Five years before his death last year, Ingmar Bergman packed 44 cases full of notes, letters, private films and photos and sent them off to the new Ingmar Bergman Foundation. Soon afterwards, the film director moved permanently from Stockholm to Faro, a sparsely populated island off Sweden’s Baltic coast, where he was confined to a wheelchair. His eyesight faded, and he stopped watching films in his specially built cinema. “Why did nobody tell me how difficult it was to get old?” he asked friends and his ex-wives, one of whom played piano for him till the bitter end.
A year after his death at the age of 89, a huge new book, The Ingmar Bergman Archives, sheds new light on the Swede’s professional and private life. The overall impression is rather unflattering – he comes across as a man obsessed by work and a control freak.

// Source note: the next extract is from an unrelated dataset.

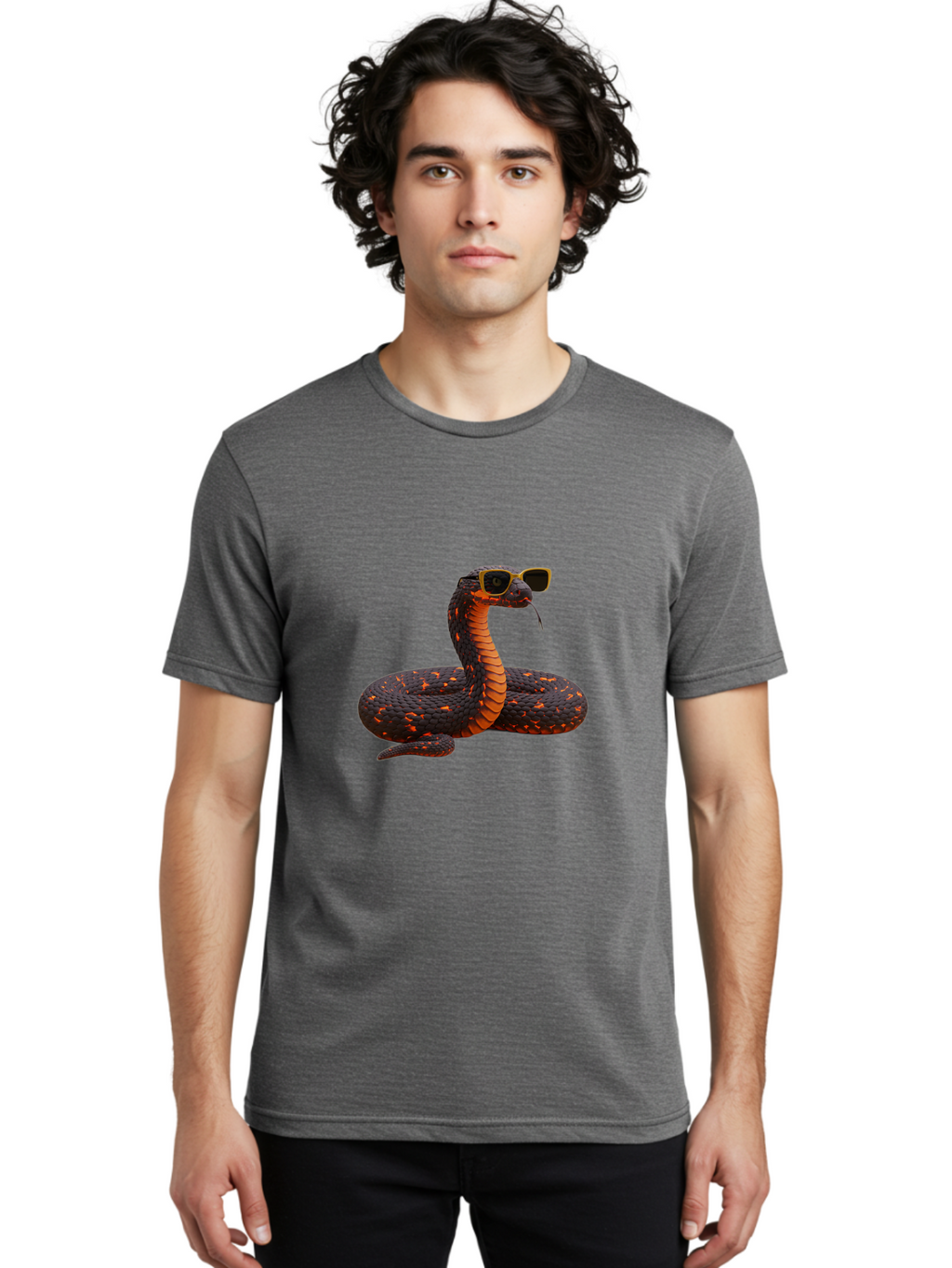 Snake-In-Sunglasses Men'S Graphic Tee, 100% Cotton, Comfortable Casual Summer Wear, Machine Washable, Vintage Camera, Old Camera, Antique Camera, Black Camera, Classic Photography, Photography Equipment, Nostalgic Device, Film Camera, Ban578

The photographs were collated by Bengt Wanselius, Bergman’s photographer for 20 years. He discovered previously unseen images from Bergman’s films, and selected unpublished images from the personal archives of many photographers, including the legendary Lennart Nilsson. Rare texts by Bergman, as well as interviews never previously published outside Sweden, have now been made available, thanks to the book’s editors receiving unrestricted access to those packing cases at Bergman’s foundation, as well as various theatres and film studios. The documents reveal many implausible film projects, including proposals for Bergman to direct the crooner Harry Belafonte in a film about the poet Alexander Pushkin in 1959, and Cary Grant in a version of Albert Camus’s bleak existential fable The Fall.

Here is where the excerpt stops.